Louis Lecoin, au siège du journal « Liberté », en juillet 1965. Source
Mauzac : centre de regroupement des objecteurs de conscience condamnés
Nous sommes en 1962 ! Les libérations des détenus nord-africains incarcérés pour des faits en relation avec la guerre d’Algérie permettent à l’Administration pénitentiaire de donner une nouvelle affectation à un certain nombre de ses établissements. En Dordogne, le camp nord du centre pénitentiaire de Mauzac où étaient détenus les politiques du Mouvement national algérien (MNA) est affecté au regroupement des détenus objecteurs de conscience condamnés par les tribunaux permanent des forces armés (TPFA).
Les premiers transferts du mois d’octobre 1962
Après le départ des détenus politiques du MNA, le camp Nord du centre pénitentiaire de Mauzac ferme plusieurs mois, du 11 mai au 17 octobre 1962, pour travaux. Sa réouverture coïncide avec le premier arrivage de détenus objecteurs de conscience. Ils sont 16 le 17 octobre, 15 le 19 octobre, 26 le 24 octobre et 9 le 30 octobre… Soit 59 objecteurs au total, tous en provenance de Fresnes.
La note du 21 novembre citée en référence précise à leur sujet : « Ils se considèrent comme bien traités, et quoique non astreints au travail, presque tous ont demandé à travailler et sont employés, soit aux cuisines, soit aux travaux agricoles de la ferme de Mauzac.
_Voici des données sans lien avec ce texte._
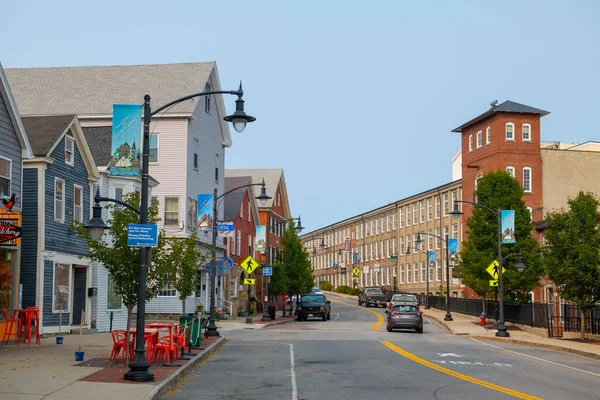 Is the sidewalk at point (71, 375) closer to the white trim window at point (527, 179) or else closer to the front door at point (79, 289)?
the front door at point (79, 289)

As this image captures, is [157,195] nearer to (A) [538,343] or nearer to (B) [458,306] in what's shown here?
(A) [538,343]

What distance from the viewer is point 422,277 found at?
9412cm

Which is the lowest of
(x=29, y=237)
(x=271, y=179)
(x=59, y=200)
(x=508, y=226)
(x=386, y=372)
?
(x=386, y=372)

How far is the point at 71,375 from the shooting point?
672 inches

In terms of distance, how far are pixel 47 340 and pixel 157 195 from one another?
751 inches

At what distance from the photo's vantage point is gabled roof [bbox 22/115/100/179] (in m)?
29.7

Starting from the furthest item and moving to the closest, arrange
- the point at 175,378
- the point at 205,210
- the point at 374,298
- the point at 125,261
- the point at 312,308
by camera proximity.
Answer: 1. the point at 374,298
2. the point at 312,308
3. the point at 205,210
4. the point at 125,261
5. the point at 175,378

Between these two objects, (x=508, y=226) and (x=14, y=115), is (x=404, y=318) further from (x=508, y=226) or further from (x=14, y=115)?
(x=14, y=115)

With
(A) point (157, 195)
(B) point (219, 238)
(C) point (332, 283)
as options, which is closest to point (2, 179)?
(A) point (157, 195)

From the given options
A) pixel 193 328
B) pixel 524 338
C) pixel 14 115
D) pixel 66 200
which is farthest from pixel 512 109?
pixel 14 115

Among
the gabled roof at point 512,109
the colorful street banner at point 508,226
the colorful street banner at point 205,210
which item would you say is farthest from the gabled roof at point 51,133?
the gabled roof at point 512,109

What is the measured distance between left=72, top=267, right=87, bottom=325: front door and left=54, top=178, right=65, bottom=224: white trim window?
10.9ft

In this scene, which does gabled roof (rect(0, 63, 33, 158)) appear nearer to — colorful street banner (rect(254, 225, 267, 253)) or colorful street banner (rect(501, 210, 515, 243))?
colorful street banner (rect(254, 225, 267, 253))

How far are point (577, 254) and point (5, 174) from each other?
2344 centimetres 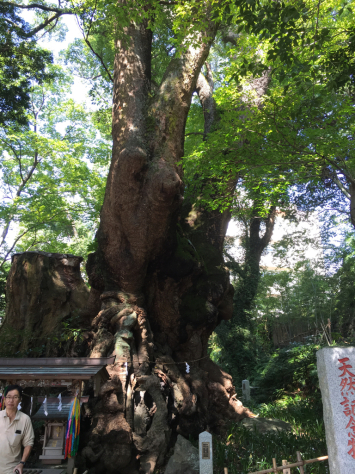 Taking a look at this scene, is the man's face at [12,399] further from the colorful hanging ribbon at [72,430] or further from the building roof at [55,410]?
the building roof at [55,410]

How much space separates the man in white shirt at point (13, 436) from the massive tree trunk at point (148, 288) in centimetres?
261

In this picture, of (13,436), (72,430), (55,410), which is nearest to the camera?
(13,436)

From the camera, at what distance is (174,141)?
24.4 feet

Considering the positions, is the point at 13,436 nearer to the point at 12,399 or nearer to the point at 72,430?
the point at 12,399

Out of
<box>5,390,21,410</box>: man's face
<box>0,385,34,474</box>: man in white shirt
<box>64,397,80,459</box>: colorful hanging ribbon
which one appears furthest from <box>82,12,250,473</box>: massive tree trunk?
<box>5,390,21,410</box>: man's face

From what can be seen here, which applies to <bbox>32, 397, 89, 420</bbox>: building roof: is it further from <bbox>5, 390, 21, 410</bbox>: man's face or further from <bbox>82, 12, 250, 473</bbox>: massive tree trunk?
<bbox>5, 390, 21, 410</bbox>: man's face

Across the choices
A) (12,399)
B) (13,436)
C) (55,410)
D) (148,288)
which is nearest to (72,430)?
(55,410)

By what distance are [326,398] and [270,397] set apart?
970cm

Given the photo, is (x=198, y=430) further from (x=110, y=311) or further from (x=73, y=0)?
(x=73, y=0)

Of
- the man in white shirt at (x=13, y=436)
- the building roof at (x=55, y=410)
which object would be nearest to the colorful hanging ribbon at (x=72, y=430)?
the building roof at (x=55, y=410)

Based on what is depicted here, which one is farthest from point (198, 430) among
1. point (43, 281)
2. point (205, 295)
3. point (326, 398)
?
point (43, 281)

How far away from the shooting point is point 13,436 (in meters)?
3.29

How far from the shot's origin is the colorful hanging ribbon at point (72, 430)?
4.92m

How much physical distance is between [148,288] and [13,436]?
191 inches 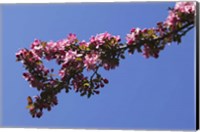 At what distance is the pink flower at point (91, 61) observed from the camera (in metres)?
2.07

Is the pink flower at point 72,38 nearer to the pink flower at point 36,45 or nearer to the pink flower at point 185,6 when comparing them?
the pink flower at point 36,45

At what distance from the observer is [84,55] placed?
2.08 meters

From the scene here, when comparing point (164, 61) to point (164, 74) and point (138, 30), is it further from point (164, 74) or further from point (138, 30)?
point (138, 30)

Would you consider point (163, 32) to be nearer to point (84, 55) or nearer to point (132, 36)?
Answer: point (132, 36)

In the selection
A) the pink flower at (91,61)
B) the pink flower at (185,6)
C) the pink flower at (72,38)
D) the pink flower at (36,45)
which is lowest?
the pink flower at (91,61)

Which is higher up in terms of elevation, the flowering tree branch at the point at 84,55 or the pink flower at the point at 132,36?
the pink flower at the point at 132,36

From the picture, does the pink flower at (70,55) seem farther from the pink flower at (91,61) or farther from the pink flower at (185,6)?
the pink flower at (185,6)

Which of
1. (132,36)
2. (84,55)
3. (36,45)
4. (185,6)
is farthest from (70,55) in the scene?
(185,6)

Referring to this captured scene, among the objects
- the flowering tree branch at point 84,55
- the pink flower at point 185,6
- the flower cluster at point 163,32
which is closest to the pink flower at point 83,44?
the flowering tree branch at point 84,55

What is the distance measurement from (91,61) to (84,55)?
0.04m

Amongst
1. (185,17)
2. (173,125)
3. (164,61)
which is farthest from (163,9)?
(173,125)

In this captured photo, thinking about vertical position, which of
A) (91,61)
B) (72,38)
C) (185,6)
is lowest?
(91,61)

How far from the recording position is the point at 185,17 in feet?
6.62

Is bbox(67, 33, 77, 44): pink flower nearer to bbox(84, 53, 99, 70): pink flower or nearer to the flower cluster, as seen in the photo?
bbox(84, 53, 99, 70): pink flower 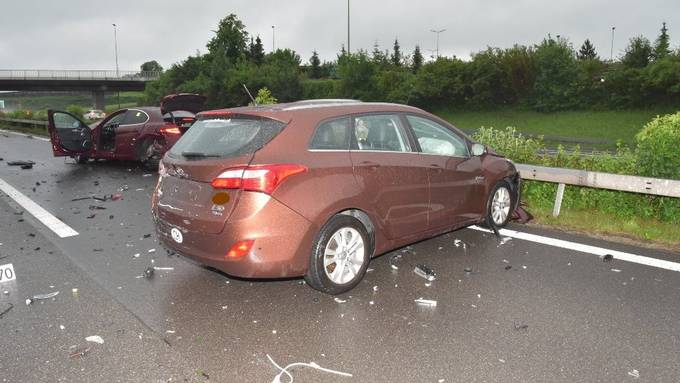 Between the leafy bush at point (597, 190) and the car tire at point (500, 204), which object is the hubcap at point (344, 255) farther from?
the leafy bush at point (597, 190)

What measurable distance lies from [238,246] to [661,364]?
116 inches

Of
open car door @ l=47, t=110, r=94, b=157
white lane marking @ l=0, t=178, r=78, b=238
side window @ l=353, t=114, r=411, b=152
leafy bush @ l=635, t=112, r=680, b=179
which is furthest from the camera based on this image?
open car door @ l=47, t=110, r=94, b=157

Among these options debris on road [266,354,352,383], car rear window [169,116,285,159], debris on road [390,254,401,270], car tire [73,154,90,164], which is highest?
car rear window [169,116,285,159]

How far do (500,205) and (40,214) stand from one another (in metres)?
6.38

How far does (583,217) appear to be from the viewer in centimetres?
707

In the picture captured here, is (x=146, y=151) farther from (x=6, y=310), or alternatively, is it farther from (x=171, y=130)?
(x=6, y=310)

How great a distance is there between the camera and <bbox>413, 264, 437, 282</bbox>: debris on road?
505cm

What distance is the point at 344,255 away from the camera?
466 cm

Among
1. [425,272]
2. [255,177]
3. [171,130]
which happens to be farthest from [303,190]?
[171,130]

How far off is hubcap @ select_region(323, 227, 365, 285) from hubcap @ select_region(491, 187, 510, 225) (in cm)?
234

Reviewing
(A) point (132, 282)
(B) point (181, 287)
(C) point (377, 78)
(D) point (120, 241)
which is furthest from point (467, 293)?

Les rapports entre ces détenus et la Direction sont des plus corrects. »
Groupe d’objecteurs de conscience témoins de Jéhovah détenus au centre pénitentiaire de Mauzac (Dordogne), 1963. Photo DR.
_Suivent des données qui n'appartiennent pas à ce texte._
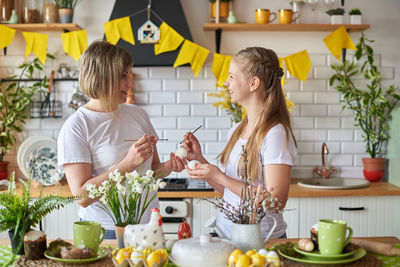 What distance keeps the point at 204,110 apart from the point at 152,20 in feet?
2.74

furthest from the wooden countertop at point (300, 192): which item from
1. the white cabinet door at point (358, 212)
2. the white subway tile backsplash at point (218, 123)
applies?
the white subway tile backsplash at point (218, 123)

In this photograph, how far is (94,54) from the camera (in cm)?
226

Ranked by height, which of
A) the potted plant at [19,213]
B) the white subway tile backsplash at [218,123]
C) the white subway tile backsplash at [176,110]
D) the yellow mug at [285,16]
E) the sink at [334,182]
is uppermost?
the yellow mug at [285,16]

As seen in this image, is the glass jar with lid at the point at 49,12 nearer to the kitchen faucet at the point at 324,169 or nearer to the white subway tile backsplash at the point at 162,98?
the white subway tile backsplash at the point at 162,98

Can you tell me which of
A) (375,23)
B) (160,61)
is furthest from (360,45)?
(160,61)

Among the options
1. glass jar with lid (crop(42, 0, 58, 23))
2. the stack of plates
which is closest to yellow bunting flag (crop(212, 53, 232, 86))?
glass jar with lid (crop(42, 0, 58, 23))

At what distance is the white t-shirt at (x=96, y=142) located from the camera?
2211 millimetres

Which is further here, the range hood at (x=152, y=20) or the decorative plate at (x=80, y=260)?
the range hood at (x=152, y=20)

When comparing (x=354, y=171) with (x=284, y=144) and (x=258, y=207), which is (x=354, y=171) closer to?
(x=284, y=144)

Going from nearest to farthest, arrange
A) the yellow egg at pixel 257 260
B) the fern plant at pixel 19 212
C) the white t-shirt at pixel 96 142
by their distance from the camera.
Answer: the yellow egg at pixel 257 260 < the fern plant at pixel 19 212 < the white t-shirt at pixel 96 142

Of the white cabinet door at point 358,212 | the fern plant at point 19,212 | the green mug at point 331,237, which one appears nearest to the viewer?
the green mug at point 331,237

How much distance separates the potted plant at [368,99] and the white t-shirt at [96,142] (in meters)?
2.21

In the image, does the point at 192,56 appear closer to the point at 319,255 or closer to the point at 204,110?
the point at 204,110

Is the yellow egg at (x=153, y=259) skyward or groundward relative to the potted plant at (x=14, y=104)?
groundward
Non violents et témoins de Jéhovah
Les objecteurs de conscience du Camp de Mauzac appartiennent à deux groupes que l’administration pénitentiaire, dans sa note du 21 novembre 1962, classifie ainsi : « a) les non violents au nombre de 6, 2 catholiques et 4 extrême gauche. b) “les témoins de Jéhovah” au nombre de 53. Ces prisonniers qui ont refusé d’endosser l’habit militaire, ont été jugés par les Tribunaux Permanents des Forces Armées et ont à subir des peines de 18 mois à 2 ans de Prison. »
« Les “Témoins de Jéhovah” poursuit le rapport adressé au préfet ne cherchent pas particulièrement à obtenir un statut, mais entendent bénéficier de tous les avantages qui seraient accordés aux objecteurs de conscience. Ils ont l’espoir que grâce à l’action en cours, leur sort sera rapidement réglé, et qu’il leur sera possible de quitter bientôt le Camp de Mauzac, qu’ils n’affectionnent pas particulièrement étant privés de liberté. »
Du 17 octobre 1962 au 27 février 1971, 221 objecteurs de conscience sont écroués à Mauzac, les témoins de Jéhovah étant de loin les plus nombreux (92,3 %).
Au cours de prochains articles, je reviendrai sur la personne de Louis Lecoin, ce pacifiste et libertaire qui a, de haute lutte, arraché au Général de Gaulle l’inscription dans la loi du statut des objecteurs de conscience… ainsi que sur le camp Nord de Mauzac, centre de regroupement des objecteurs condamnés par les tribunaux militaires.